Key Experimental Results¶
Main Results¶
| Task | SIMPACT | RT-2 | Code-as-Policies | VoxPoser | Description |
|---|---|---|---|---|---|
| Rigid Pushing to Target | Best | Poor | Medium | Medium | Fine force control |
| Object Sorting/Tidying | Best | Fair | Good | Fair | Multi-object planning |
| Rope Manipulation | Best | Unable | Unable | Poor | Deformable objects |
| Plasticine Shaping | Best | Unable | Unable | Unable | High-difficulty deformation |
| Collision Prediction | Best | Poor | Poor | Fair | Contact dynamics |
Ablation Study¶
| Configuration | Average Success Rate | Description |
|---|---|---|
| Full SIMPACT | Best | Sim-optimization + Iterative refinement |
| w/o Simulation (Direct VLM) | Significant Drop | Direct action output lacks verification |
| w/o Iterative Refinement | Noticeable Drop | Single sampling lacks fine-tuning |
| Random Physics Params | Slight Drop | Physical parameter accuracy has some impact |
| Single Sim Iteration | Lower than Multi-round | Iterative improvement is significant |
Key Findings¶
- Physical prediction from the simulation loop is the largest contributor to performance—VLMs essentially fail tasks requiring fine force control without simulation.
- Deformable object manipulation (rope, plasticine) is a blind spot for traditional methods; SIMPACT demonstrates the feasibility of VLMs for these tasks via particle simulation.
- Even if physical parameters (estimated by VLM) are imprecise, simulation feedback is significantly better than none—showing "rough but directionally correct" physics is vastly superior to omitting physics.
- The system is robust to object appearance changes (colors, shapes) and distractors.
Highlights & Insights¶
- "Simulation as a World Model" Concept: An elegant approach that doesn't modify the VLM or train new models, but equips the VLM with a "physical engine in the brain" at test time. This can generalize to any reasoning task requiring physical understanding.
- Auto-sim Construction from Single RGB-D: Significantly lowers the barrier to entry for simulation, allowing rapid deployment in new scenes.

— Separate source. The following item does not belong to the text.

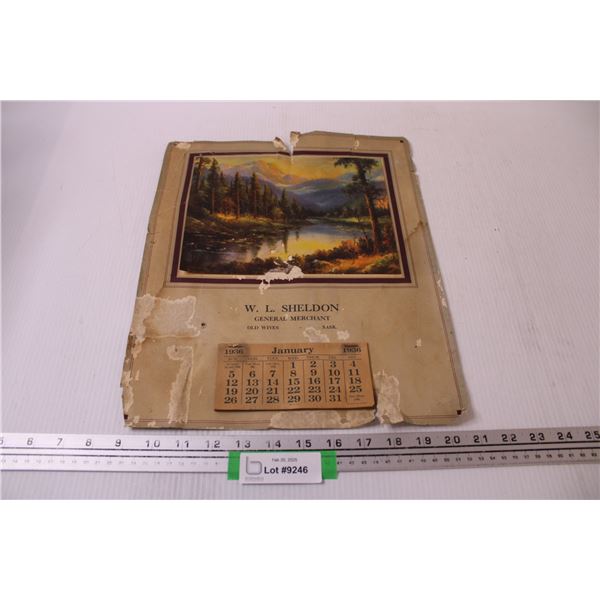 Vintage 1936 WL Sheldon Calendar, Old Wives, SK - 12" x 15" - Some Wear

While accuracy is limited, "having a simulation" is better than "no simulation."
- Unified Rigid + Deformable Framework: The ability to handle both rigid and deformable manipulation is a first for VLM-based robotic methods.
Limitations & Future Work¶
- Simulation construction relies on depth information and segmentation models, which may be unreliable in outdoor or high-noise scenarios.
- Precision of VLM-estimated physical parameters (mass, friction) is limited; performance may suffer in tasks highly sensitive to these parameters.
- The sim-to-real gap remains, particularly regarding the simulation accuracy of deformable objects.
- High inference latency due to per-inference simulation construction and multiple rollout iterations.
- Currently limited to tabletop-level manipulation; scaling to complex long-horizon tasks (e.g., cooking, assembly) requires further research.
Related Work & Insights¶
- vs Code-as-Policies: CaP has LLMs output robot control code directly, lacking physical verification. SIMPACT provides a "sandbox" for predicting action consequences.
- vs VoxPoser: VoxPoser uses VLMs to generate value functions for planning but lacks explicit physical simulation. SIMPACT's simulation provides more accurate physical predictions.
- vs RT-2/Octo: These end-to-end methods require massive robot data for training. SIMPACT relies purely on pre-trained VLMs + simulation, requiring no extra training data.
Rating¶
- Novelty: ⭐⭐⭐⭐⭐ An elegant and novel approach to simulation-augmented VLM reasoning.
- Experimental Thoroughness: ⭐⭐⭐⭐ Validated on 5 real-world tasks including rigid and deformable objects with thorough robustness tests.
- Writing Quality: ⭐⭐⭐⭐ Clear method description and rich visualizations.
- Value: ⭐⭐⭐⭐⭐ Important insights for the VLM robotics field; the no-training requirement is a practical advantage.